No hay duda de que sentimos miedo porque tendremos que tramitar muchos conflictos, porque habrá quienes, como le ocurrió al caracol, nos critiquen, condenen y después juzguen, pero “el verdadero Rebelde” y la verdadera Rebelde sentimos miedo, pero lo superamos, no nos dejamos paralizar ni excluir como nos lo enseña el Pavo Real en el reino de los pingüinos. Mientras el caracol era transportado por Memoria, sobre su cuello, le preguntó que para dónde iba. La tortuga le manifestó que esa no era la pregunta más adecuada, que en realidad debía preguntarle de dónde venía, haciéndole entender que transitaban por el mismo camino desde antes de conocerse.

Pero hay quienes se inclinan por saber ¿Dónde estamos? antes de preguntarse ¿a dónde ir? Podríamos zanjar las dudas anteriores acordando que nuestra pregunta es por el pasado presente y en esa lógica afirmar que la rebeldía, esa abstracción que escuchó Memoria y que se la endosó al caracol que descubrió la importancia de la lentitud, la llevamos adentro como los caracoles llevaban adentro El País del Diente de León. Así como la estela de babas era la huella del dolor, también lo es de la esperanza y la conciencia. La estela de babas forjó el crecimiento de plantas, flores y hierbas, que no eran tan sabrosas pero muy nutritivas, algo muy análogo a la historia del campesino que transportaba agua en vasijas abiertas averiadas, posibilitando con las filtraciones, emerger cosechas que alivian la sobrevivencia hogareña y comunitaria.

La Rebeldía a la que convoco chicos, chicas y profes la llevamos en el niño y en la niña que tenemos dentro, llena de briosas historias, por eso la invitación es a reconocer esos actos de rebeldía e inocularles oxígeno en momentos en los que la vida sigue estando estropeada. Para mi es claro que cualquier intento por modificar las cosas será visto como una molestia provocada por una ilusa, romántica, seguramente acreedora de sentencia. Somos rebeldes de cuna. El primer acto de rebeldía que mi madre me relató fue concomitante con la lactancia, época en la que tomábamos leche materna, mínimo hasta los dos años. El nefasto biberón, maquinado por el capitalismo para sustraerle la madre a los infantes, no existía y eso salvó a muchas generaciones de problemas gastrointestinales, bucales, nutricionales y psicológicos.

Mi madre reía contando que, para destetarme, puso una hierba de amargoso en los pezones, de tal manera que cuando yo accediera al ritual del amamantamiento me untara los labios y así no succionara.

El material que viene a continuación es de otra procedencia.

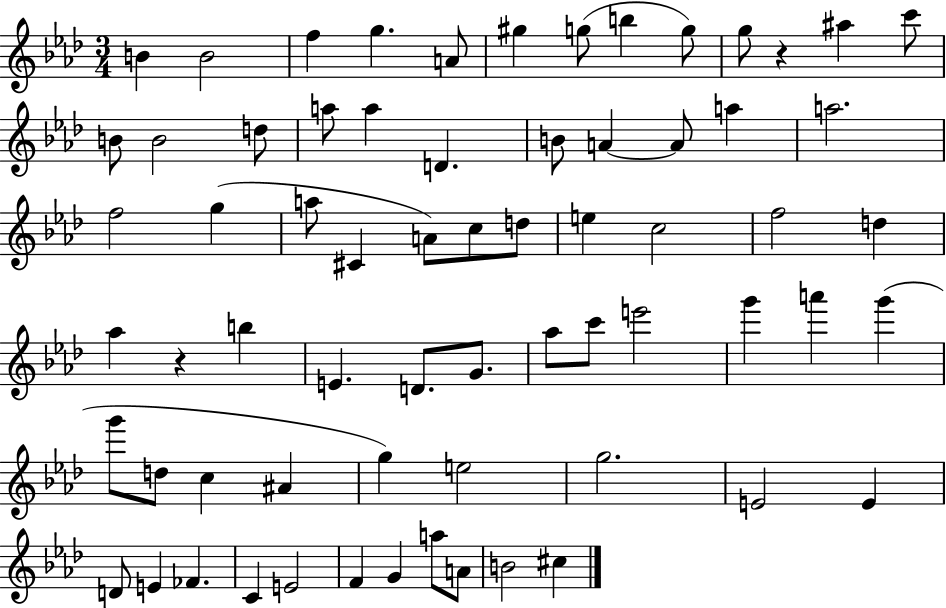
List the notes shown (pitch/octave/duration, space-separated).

B4/q B4/h F5/q G5/q. A4/e G#5/q G5/e B5/q G5/e G5/e R/q A#5/q C6/e B4/e B4/h D5/e A5/e A5/q D4/q. B4/e A4/q A4/e A5/q A5/h. F5/h G5/q A5/e C#4/q A4/e C5/e D5/e E5/q C5/h F5/h D5/q Ab5/q R/q B5/q E4/q. D4/e. G4/e. Ab5/e C6/e E6/h G6/q A6/q G6/q G6/e D5/e C5/q A#4/q G5/q E5/h G5/h. E4/h E4/q D4/e E4/q FES4/q. C4/q E4/h F4/q G4/q A5/e A4/e B4/h C#5/q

Desde ese entonces, pese a que mi mamá durante prófugos ratos me rogó y pese a que me gustaba el preciado líquido, no volví a tocar sus delicados e imperecederos senos. Ese fue un acto de resistencia inconsciente al igual que el negarme a entregarle a los empadronadores del DANE la información, sobre el censo en 1973, apoyando el paro del magisterio, siendo estudiante de bachillerato, recordando que los lugares más oscuros del infierno estaban destinados a todos aquellos que mantienen su neutralidad en tiempos de crisis moral. Estos actos y otros que quedan por contar marcaron el itinerario de una profe rebelde.

 

Referentes Bibliográficos

García Márquez, G. (1995). Manual para ser niño. (Ministerio de Educación Nacional, Ed.). Bogotá Colombia.

Huizinga, J. (1972). Homo ludens. (Emecé Editores S.A., Ed.). Buenos Aires, Argentina.

Sepúlveda, L. (2018). Historia de un caracol que descubrió la importancia de la lentitud. (Planeta colombiana S.A, Ed.). Bogotá Colombia.